Iraqi MPs Warn US to Drop Plan for Meddling in Kurdistan Region - Islamic Invitation Turkey
IraqNorth America

Iraqi MPs Warn US to Drop Plan for Meddling in Kurdistan Region

Iraq’s parliamentarians voiced their strong opposition to the US mediation between the Baghdad government and the Kurdistan Regional Government (KRG), and warned Washington to stay away from Iraq’s problems.

“The Americans cannot solve Iraq’s problems, because during their nine-year presence in Iraq they showed that they cannot do anything or solve any problem in such a way that they have left behind thousands of problems for Iraq,” an Iraqi parliamentarian and one of the leaders of the Iraqi Kurdistan’s Coalition Mahmoud Osman told FNA on Monday.

He urged Iraq’s political parties to start talks in a bid to resolve the country’s problems.

Osman also stressed that the Turkish government should be held responsible for the problems affecting Iraq’s Kurdish region.

“On one hand, Turkey provokes Kurdistan against Iraq’s central government and on the other, it instigates the central government (in Baghdad) against the Kurds,” he added.

Another Iraqi MP, Eskandar Vetvet, told FNA that “Iraq does not need the US interference in its internal affairs, specially with regard to the Erbil crisis”.

Javad al-Bozoni, another Iraqi lawmaker, said that the US meddling in Iraq’s affairs doest not benefit that country, specially considering that the so-called crisis in the relations between Baghdad and Erbil is fake and not a genuine crisis.

He said the US left Iraq according to the will of the Iraqi people and thus its return to Iraq would be unacceptable because it would run counter to the will of the nation.

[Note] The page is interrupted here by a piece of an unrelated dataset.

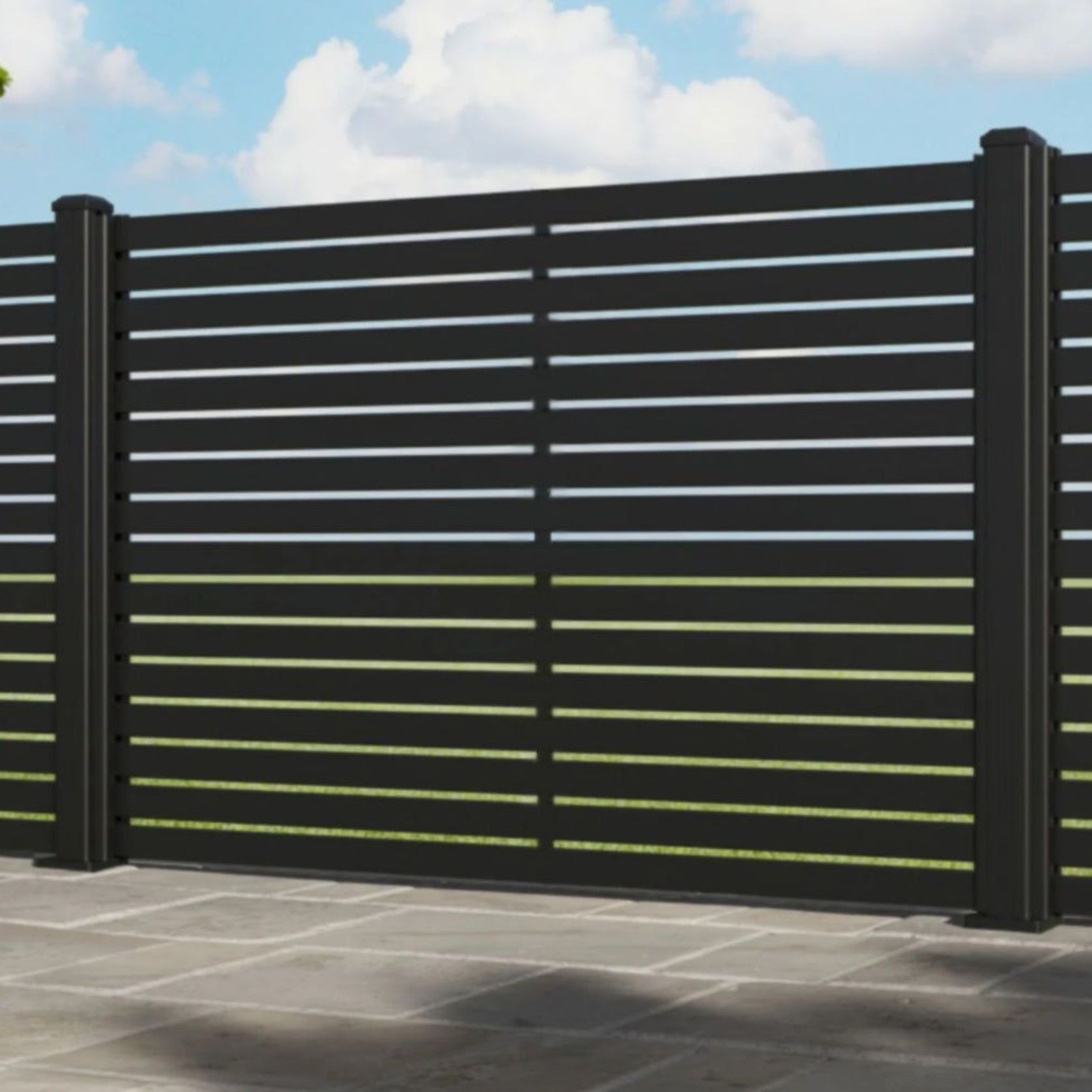 Aluminium Fencing System gallery detail image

Last month, Iraqi Prime Minister Nuri al-Maliki rejected a proposal by US Vice-President Joe Biden for the deployment of the US forces in Iraq’s Northern province of Kirkuk.

Biden in a telephone conversation with Iraqi prime minister Saturday night asked for Maliki’s consent to the deployment of the US troops in Kirkuk, but the premier rejected the US vice-president’s offer, an informed source told FNA in Baghdad.

The source, who asked to remain unnamed due to the sensitivity of his information, said during the phone talk, Biden voiced concern about a recent clash between the Pishmerga forces of the Iraqi Kurdistan region, who are the local law enforcement troops of the Kurdistan Regional Government (KRG), and Iraq’s Federal Police troops, and said the US troops should be deployed in the oil rich Kirkuk province in a bid to prevent the outbreak of a civil war.

“But the Iraqi Prime Minister strongly rejected Biden’s proposal,” the source added.

Earlier this year in June, Iraqi Prime Minister Nuri al-Maliki cancelled a pending visit by the US vice-president to Baghdad, which was aimed at meetings with high-ranking Iraqi officials.

“Nuri al-Maliki did not allow US Vice-President Joe Biden to visit Iraq,” an informed source in the Iraqi prime minister’s information bureau told FNA in Baghdad in June.

Earlier reports by a website affiliated to the Islamic Supreme Council of Iraq said that the cancellation of Biden’s visit by Maliki was ordered after it had been revealed that the US vice-president was due to visit the Kurdish city of Erbil.